That’s our club motto, by the way.

Best regards,

Gilbert Murray


From: Johnson Philip

To: Gilbert Murray

Subject: Re: The bank has been in touch, but the news isn’t good

Sent: Thu, 26 Oct 2023 17:55:53

Dear,

I need to see the copy of the letter you got from the bank so I would study it and know what the bank required.

You should have confidence in this business OK.


From: Gilbert Murray

To: Johnson Philip

Subject: Here’s a copy of the bank’s email

Sent: Fri, 27 Oct 2023 08:53:36

Dear Mr Philip,

Here’s a copy of the bank’s email. It’s all very well you telling me to have confidence in this business, but as you can see, they’re asking for a load of documentation to prove that I’m this dead bloke’s next of kin. I can’t see how on earth we’re going to get our hands on all those documents. Can you?

It’s a real shame. Gypping Rovers really could have done with that money. I suppose I’m just going to have to look for another source of cash.

As it happens, I’ve got a meeting with the owner of Gypping Mill this afternoon to talk about just that. The mill was turned into a “World of Wicker” showroom the other year and I’m keen to see if the owner would be willing to sponsor the team. Mind you, it won’t be easy to persuade him. He’s a bit of a hard-headed businessman, and I’m not sure he’s going to want to associate his business with a bunch of losers like us.

I must go: we’ve got a training session in preparation for tomorrow’s match against Frottagesham FC. This’ll be the first match that our new Cornish player takes part in. I’m hoping his skills with the ball with turn our fortunes around.

Do let me know if you think there’s any chance of us getting our hands on those documents, won’t you? I don’t hold out much hope, I have to say.

Best regards

Gilbert Murray


From: Johnson Philip

To: Gilbert Murray

Subject: I have contracted an attorney

Sent: Fri, 27 Oct 2023 10:43:52

Dear Murray,

Well, I must state here that you are right in you submission concerning the documentations required by the bank but I would contract an attorney to help you get the certificates OK.

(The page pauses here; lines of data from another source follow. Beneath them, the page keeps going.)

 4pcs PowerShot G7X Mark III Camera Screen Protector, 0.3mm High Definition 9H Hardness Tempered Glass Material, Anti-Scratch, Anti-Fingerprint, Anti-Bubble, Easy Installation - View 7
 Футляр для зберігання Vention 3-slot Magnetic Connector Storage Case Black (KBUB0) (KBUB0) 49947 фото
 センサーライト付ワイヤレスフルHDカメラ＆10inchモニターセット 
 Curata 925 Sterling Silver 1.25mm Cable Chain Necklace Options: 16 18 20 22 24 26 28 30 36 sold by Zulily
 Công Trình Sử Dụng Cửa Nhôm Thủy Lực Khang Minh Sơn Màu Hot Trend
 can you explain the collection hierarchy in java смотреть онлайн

This would actually cost us some fortune but I would try my best to secure them and the attorney would deliver them to you so you can transmit same to the African Development Bank.

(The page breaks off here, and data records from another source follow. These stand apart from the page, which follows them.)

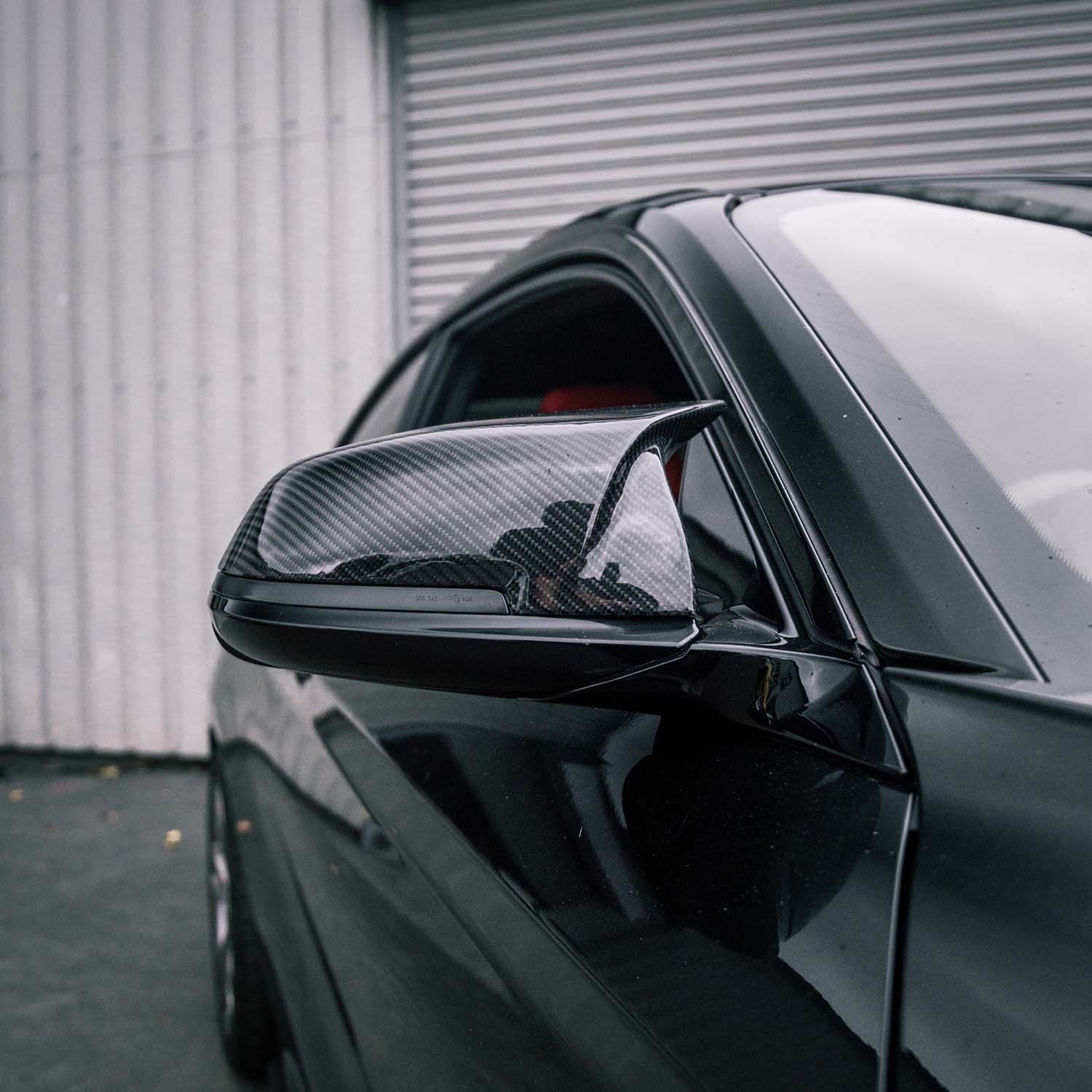 MHC+ BMW M-Style Wing Mirror Replacement Covers In Pre Preg Gloss Carbon Fibre for M-lites-CCO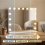 Vanity Hollywood Mirror with Dimmable Lights-14/18 LED Bulbs 3 Colour Modes Touch Control 6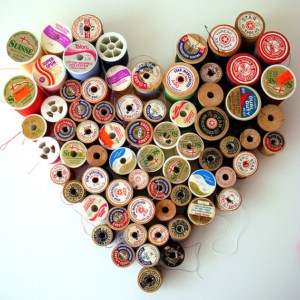 crafts heart spools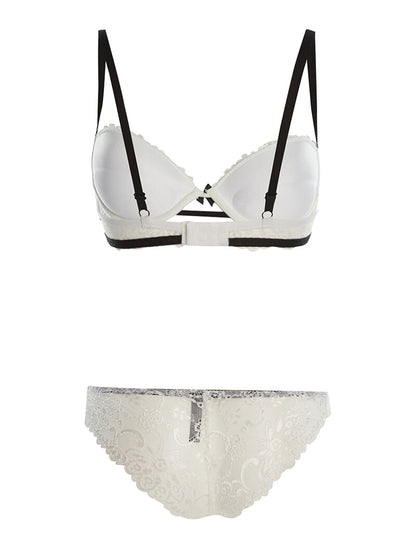 Ensemble SG et culotte liseré contrasté - blanc - 2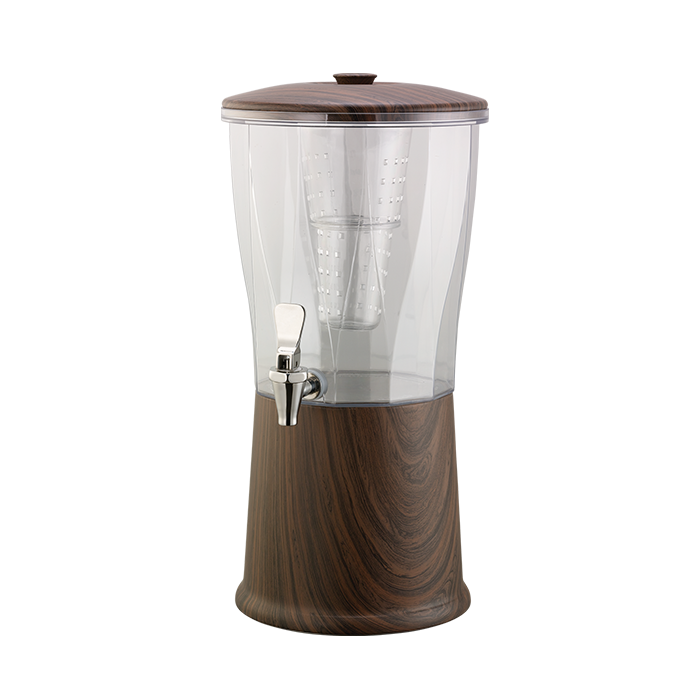 Elite Cold Beverage Dispenser 3 Gal - Dark Wood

These would take like three days and I would keep you updated as well. I would like you to speak with the owner of your club for some assistance financially so that we would have a smooth claim over this fund once the documentations are secured.

I am sure that your club would win the match this time now that you have the new player and this is his first outing, so prepare the rest of the boys very well and let me know the score line after the weekend match which I am very sure would be in your favour.

Please I still require your contact number and fax as well, send it to me.

Regards,

Johnson Philip


From: Gilbert Murray

To: Johnson Philip

Subject: Do you really think your attorney will be able to get hold of the documents we need?

Sent: Fri, 27 Oct 2023 12:05:27

Dear Mr Philip,

Thanks for getting back to me so quickly.

Do you really think your attorney will be able to get hold of the documents we need? You say that it would cost us “some fortune”. How much exactly? You see I don’t have “some fortune”. I might be a bit better off after my meeting with the mill owner this afternoon if I can persuade him to give us some sponsorship money, but how much money are we talking about here?

Best regards,

Gilbert Murray


From: Gilbert Murray

To: Johnson Philip

Subject: Good news... and bad news

Sent: Sun, 29 Oct 2023 07:56:22

Dear Mr Philip,

If you don’t mind me saying so, I’m more than a little bit disappointed that you haven’t got back to me with an answer to the question I put to you on Friday. I will ask you again: how much money will your attorney need to get his hands on those documents?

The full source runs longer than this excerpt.